Which means for our asset as example:- Looking at the Downside risk index of 80 in the last 5 years of ProShares UltraShort Technology, we see it is relatively higher, thus worse in comparison to the benchmark SPY (9.55 )
- During the last 3 years, the Ulcer Index is 57 , which is higher, thus worse than the value of 10 from the benchmark.

'Maximum drawdown measures the loss in any losing period during a fund’s investment record. It is defined as the percent retrenchment from a fund’s peak value to the fund’s valley value. The drawdown is in effect from the time the fund’s retrenchment begins until a new fund high is reached. The maximum drawdown encompasses both the period from the fund’s peak to the fund’s valley (length), and the time from the fund’s valley to a new fund high (recovery). It measures the largest percentage drawdown that has occurred in any fund’s data record.'

Applying this definition to our asset in some examples:- The maximum drop from peak to valley over 5 years of ProShares UltraShort Technology is -96.4 days, which is lower, thus worse compared to the benchmark SPY (-33.7 days) in the same period.
- During the last 3 years, the maximum drop from peak to valley is -77.6 days, which is smaller, thus worse than the value of -24.5 days from the benchmark.
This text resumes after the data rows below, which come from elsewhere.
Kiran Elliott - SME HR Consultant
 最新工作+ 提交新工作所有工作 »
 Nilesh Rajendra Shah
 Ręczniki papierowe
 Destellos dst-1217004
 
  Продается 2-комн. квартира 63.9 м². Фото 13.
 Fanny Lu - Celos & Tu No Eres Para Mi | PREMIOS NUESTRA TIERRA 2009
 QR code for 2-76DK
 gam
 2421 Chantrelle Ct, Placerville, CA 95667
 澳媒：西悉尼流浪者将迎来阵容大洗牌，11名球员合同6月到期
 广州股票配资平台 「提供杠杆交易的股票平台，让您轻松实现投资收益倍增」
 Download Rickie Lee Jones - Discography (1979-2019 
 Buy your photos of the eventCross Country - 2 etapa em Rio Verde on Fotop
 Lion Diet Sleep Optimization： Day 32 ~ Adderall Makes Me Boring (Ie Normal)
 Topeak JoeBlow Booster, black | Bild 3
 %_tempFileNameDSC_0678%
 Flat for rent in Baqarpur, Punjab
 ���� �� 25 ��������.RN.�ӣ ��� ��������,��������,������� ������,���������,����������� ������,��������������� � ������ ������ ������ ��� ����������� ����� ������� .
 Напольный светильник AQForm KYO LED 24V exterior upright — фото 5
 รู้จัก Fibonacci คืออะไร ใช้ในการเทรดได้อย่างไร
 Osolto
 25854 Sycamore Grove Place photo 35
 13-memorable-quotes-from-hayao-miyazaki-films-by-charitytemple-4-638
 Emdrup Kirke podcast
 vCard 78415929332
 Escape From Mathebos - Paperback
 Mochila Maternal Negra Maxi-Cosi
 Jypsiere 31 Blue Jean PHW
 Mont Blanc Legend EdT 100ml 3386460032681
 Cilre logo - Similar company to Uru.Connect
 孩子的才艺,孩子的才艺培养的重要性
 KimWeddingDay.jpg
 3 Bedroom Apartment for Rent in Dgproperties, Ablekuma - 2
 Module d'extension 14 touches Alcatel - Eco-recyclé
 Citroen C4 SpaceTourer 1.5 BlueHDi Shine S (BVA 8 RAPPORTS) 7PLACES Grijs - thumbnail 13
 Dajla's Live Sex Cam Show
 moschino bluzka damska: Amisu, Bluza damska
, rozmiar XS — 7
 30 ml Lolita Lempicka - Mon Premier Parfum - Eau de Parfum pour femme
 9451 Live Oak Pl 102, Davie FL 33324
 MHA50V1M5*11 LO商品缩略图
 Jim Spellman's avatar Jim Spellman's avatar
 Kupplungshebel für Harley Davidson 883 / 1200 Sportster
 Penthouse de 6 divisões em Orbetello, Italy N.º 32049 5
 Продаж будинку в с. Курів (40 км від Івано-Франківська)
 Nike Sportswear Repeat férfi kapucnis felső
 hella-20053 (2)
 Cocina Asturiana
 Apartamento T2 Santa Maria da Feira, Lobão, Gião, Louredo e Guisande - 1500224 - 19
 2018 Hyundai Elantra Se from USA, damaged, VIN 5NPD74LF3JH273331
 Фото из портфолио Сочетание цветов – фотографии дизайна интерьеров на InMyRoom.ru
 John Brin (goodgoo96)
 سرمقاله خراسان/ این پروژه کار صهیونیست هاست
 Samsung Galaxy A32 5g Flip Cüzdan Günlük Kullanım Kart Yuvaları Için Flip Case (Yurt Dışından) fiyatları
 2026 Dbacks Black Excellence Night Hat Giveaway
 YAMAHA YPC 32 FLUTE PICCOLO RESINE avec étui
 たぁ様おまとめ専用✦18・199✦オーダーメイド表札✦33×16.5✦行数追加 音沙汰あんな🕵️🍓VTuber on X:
'The Drawdown Duration is the length of any peak to peak period, or the time between new equity highs. The Max Drawdown Duration is the worst (the maximum/longest) amount of time an investment has seen between peaks (equity highs). Many assume Max DD Duration is the length of time between new highs during which the Max DD (magnitude) occurred. But that isn’t always the case. The Max DD duration is the longest time between peaks, period. So it could be the time when the program also had its biggest peak to valley loss (and usually is, because the program needs a long time to recover from the largest loss), but it doesn’t have to be'

Which means for our asset as example:- Looking at the maximum days below previous high of 1193 days in the last 5 years of ProShares UltraShort Technology, we see it is relatively greater, thus worse in comparison to the benchmark SPY (431 days)
- Compared with SPY (431 days) in the period of the last 3 years, the maximum time in days below previous high water mark of 753 days is higher, thus worse.

'The Drawdown Duration is the length of any peak to peak period, or the time between new equity highs. The Avg Drawdown Duration is the average amount of time an investment has seen between peaks (equity highs), or in other terms the average of time under water of all drawdowns. So in contrast to the Maximum duration it does not measure only one drawdown event but calculates the average of all.'

Which means for our asset as example:- Compared with the benchmark SPY (105 days) in the period of the last 5 years, the average days below previous high of 573 days of ProShares UltraShort Technology is greater, thus worse.
- During the last 3 years, the average time in days below previous high water mark is 377 days, which is greater, thus worse than the value of 144 days from the benchmark.

Historical returns have been extended using synthetic data.
[Show Details]

- Note that yearly returns do not equal the sum of monthly returns due to compounding.
- Performance results of ProShares UltraShort Technology are hypothetical, do not account for slippage, fees or taxes, and are based on backtesting, which has many inherent limitations, some of which are described in our Terms of Use.